In short, the background section fails to establish a clear terminology as well as an accurate frame of reference based on which to judge the quality of the model proposed in further sections.
Model proposal section:
- Section 2.2
- The information bottleneck within attention-less s2s systems has been documented in earlier sources by the groups that proposed using termporal attention with such models in the first place (https://arxiv.org/abs/1409.0473, https://arxiv.org/abs/1508.04025). This section mis-attributes specific contributions (l224-229).
- Citing source 46 as additional source within the context of time series forecasting is of-course acceptable, but this is not the original proposing work!
- Section 2.4:
- As mentioned above, this section is missing a citation for https://arxiv.org/abs/1206.2944 or other similarly early proposed methods.
Experiment section:
- As expected, s2s models with attention perform better than s2s models without attention.
- As expected, s2s models tend to perform better than monolithic architectures
- Interestingly enough there seems to be a performance difference between GRU and LSTM based models. I would like the experiment section to also include the number of parameters that each model has. One LSTM cell has more learnable parameters than a GRU cell, which means comparing on a ‘number of neurons/layers’ basis is slightly flawed.
- Since the proposed method is basically adapting an attentive s2s model based on GRU’s and then performing heavy hyperparameter fine-tuning I would like the experiments to also include some of the other models with fine-tuned parameters. As of now, the experiments only compare untuned alternatives. It seems a logical experiment to tests the validity of both components of the paper’s proposed model by also including hyperparameter-tuned variants of the other models. I expect the ‘fine-tuned’ performance of the LSTM based models and of the GRU based models to be very close to each other. At the moment it is obvious that the fine-tuned model will outperform the not fine-tuned models.
Copied from comments for editors for transparency:
The authors present a sequence to sequence model with attention based on gated recurrent units to forecast short-term electrical load demand and fine-tune the model hyperparameters using Gaussian processes.
Some of the backgrounds is slightly miss-cited or miss-attributed, the terminology used at times inaccurate and the proposed process does not offer any novelties on the machine learning side.
Additionally, similar, already existing work is not cited.
The application presented (S2S models for load forecasting, or in general the wider application of more modern deep learning models) is nonetheless understudied and the model does outperform several other published sources.
The experiments aim to offer some comparison but do so on a skewed playing field. The model used is built on two principal components (architecture and parameter tuning), but the experiments only compare non fine-tuned alternate architectures. The experiments should be extended to also include fine-tuned versions of alternate architectures to provide a true comparison.
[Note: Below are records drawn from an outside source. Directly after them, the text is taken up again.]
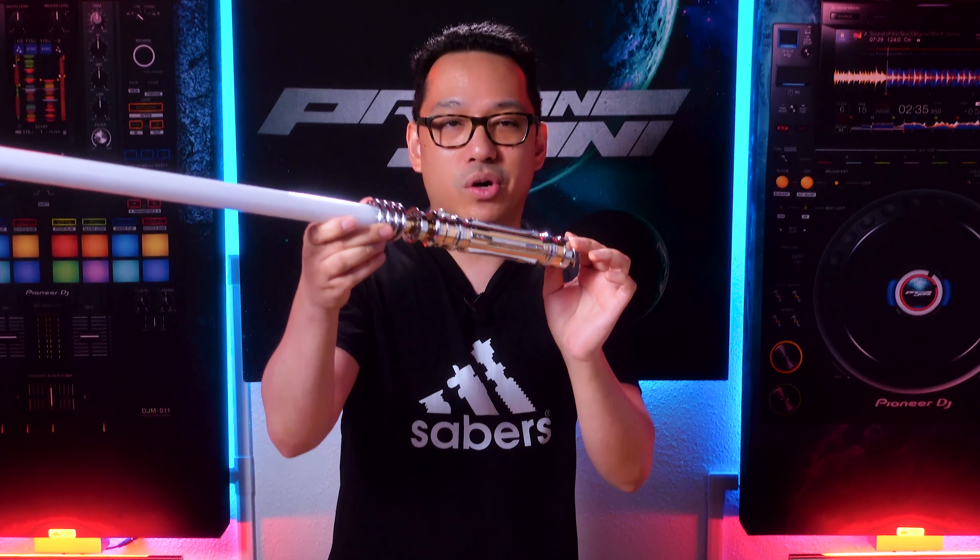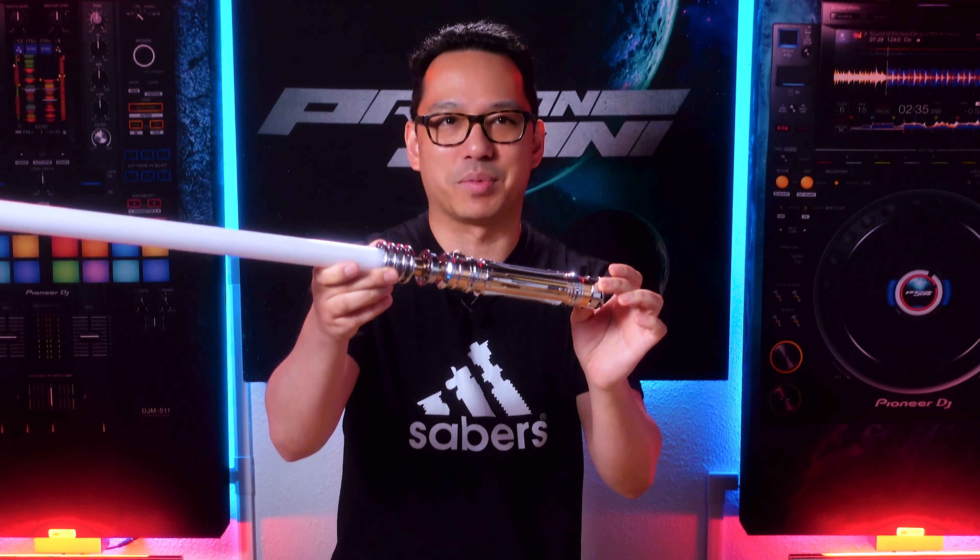I hope you like this demo of this Princess Leia lightsaber from Dual Sabers. For more lightsaber videos, follow this playlist right here, and we'll see you in the next video. And don't forget — the Force is with you, always.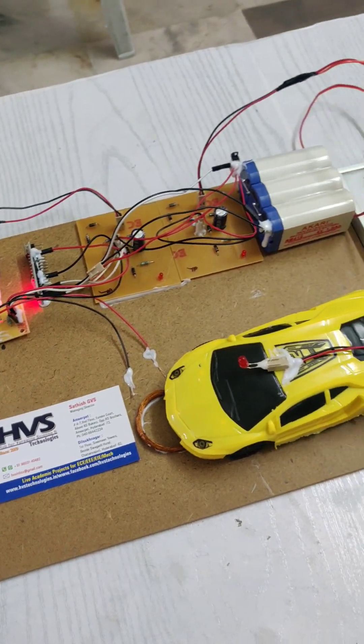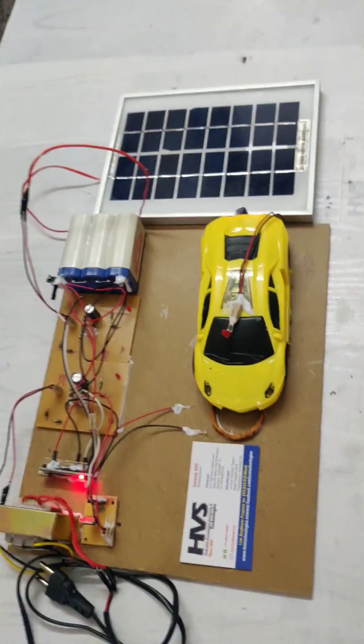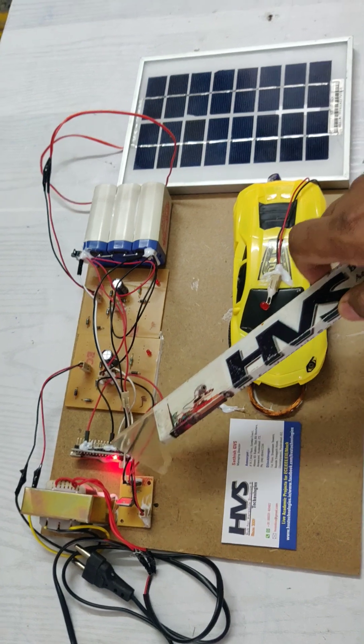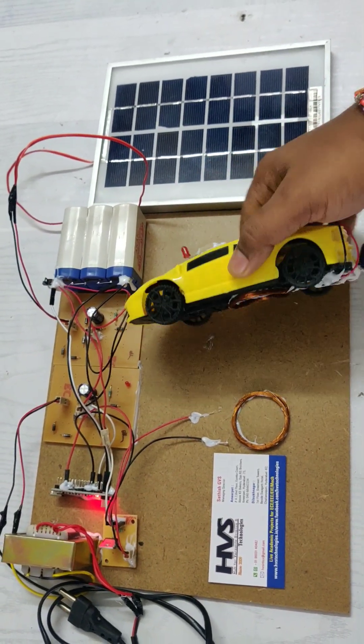Welcome to the project demonstration of wireless power transmission using solar power for EV vehicle charging system. In this project we are using an Arduino Nano board for the wireless power transmission section. The output signal is fed into a MOSFET board, from where the coils receive an AC signal of 2V at 12kHz.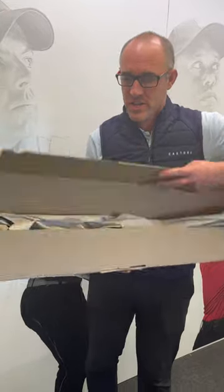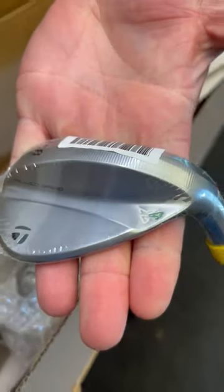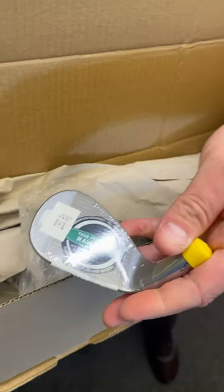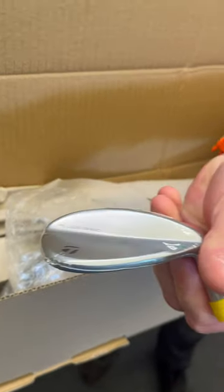So here we go guys, another launch and release from TaylorMade, mid-season — it's August. Come in here Chris, have a little look. We've just had our fitting kit arrive for the fantastic looking MG4 Wedge, two different colours — raw face, tour preferred, better grooves this year. Can't wait to get this in the fitting bay.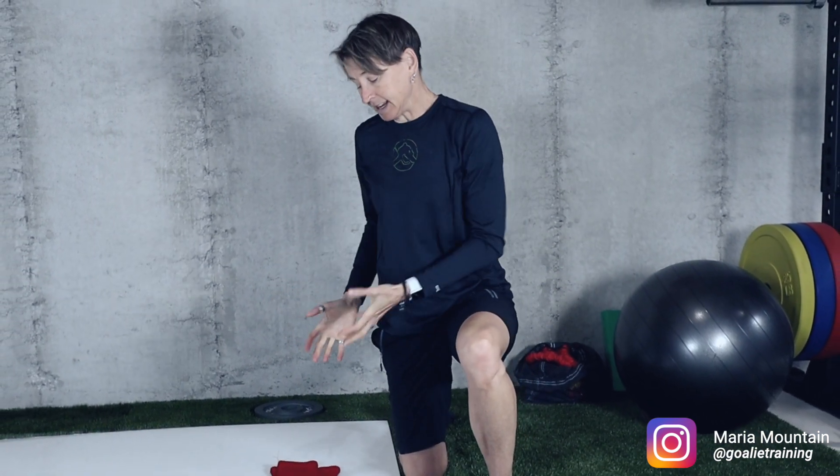Great to see you again, and if you're new to this channel, welcome. My name is Maria — I'm an exercise physiologist and I specialize in off-ice training for hockey goalies. Today it's all about improving your butterfly crawl.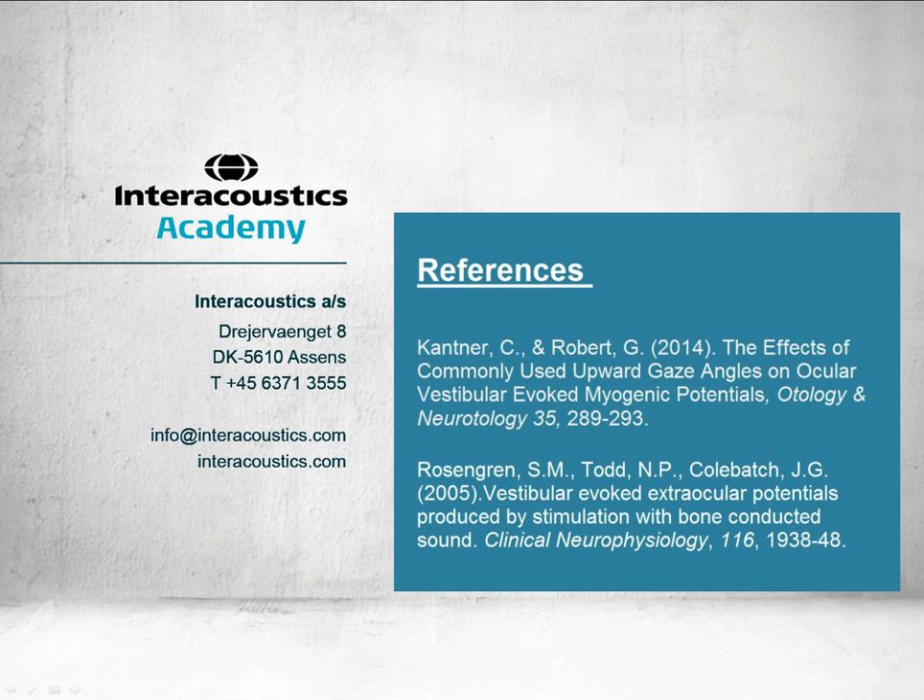This concludes this quick guide video on instructing the patient to perform OVEMPs.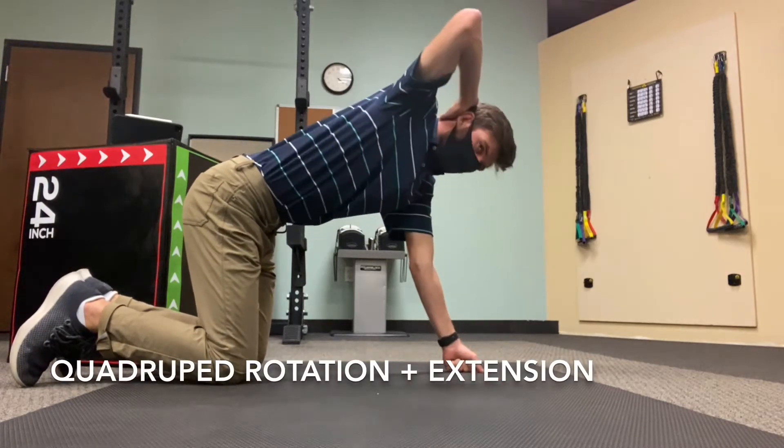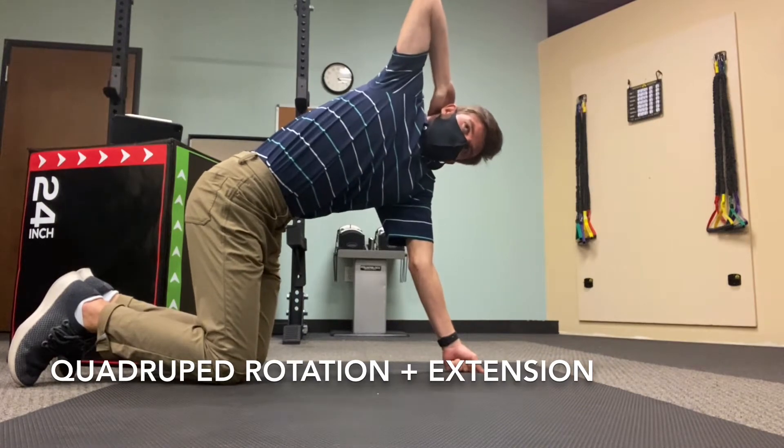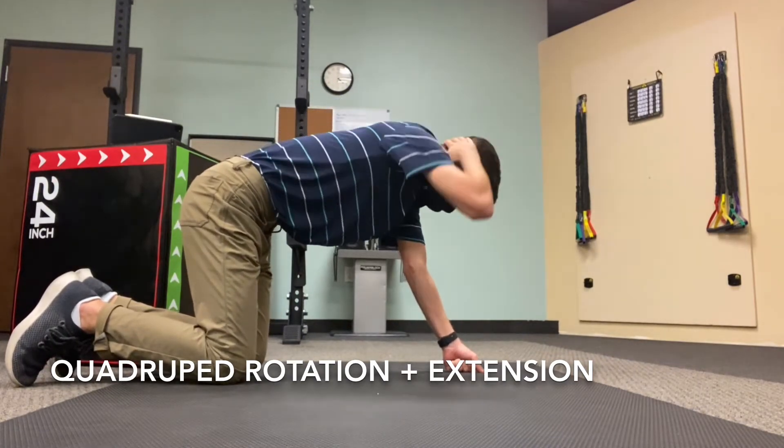Come onto your hands and knees with your back straight. Place one hand on the back of your head and rotate through the upper back backwards so that your elbow is pointing up towards the ceiling.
Additionally, the paper exhibits some grammar mistakes.
As such, this article should be accepted only after major revision, addressing above mentioned issues.
As it is, the article offers little new insight (other works proposing essentially the same model on essentially the same application do exist, in contrast to the author’s claims) and does not elevate itself over other similar works by either providing more extensive experiments or more in-depth analysis.
Author Response
Please see the attachment.
Author Response File: Author Response.docx
Reviewer 2 Report
- The forecast horizon is the short term. How does the proposed method is different from ANN regressive methods ?
- The exogenous variables have been studied?
- The short-term forecast has relevant information. But the most significant thing is to predict the next day's load Peak. How the model behaves?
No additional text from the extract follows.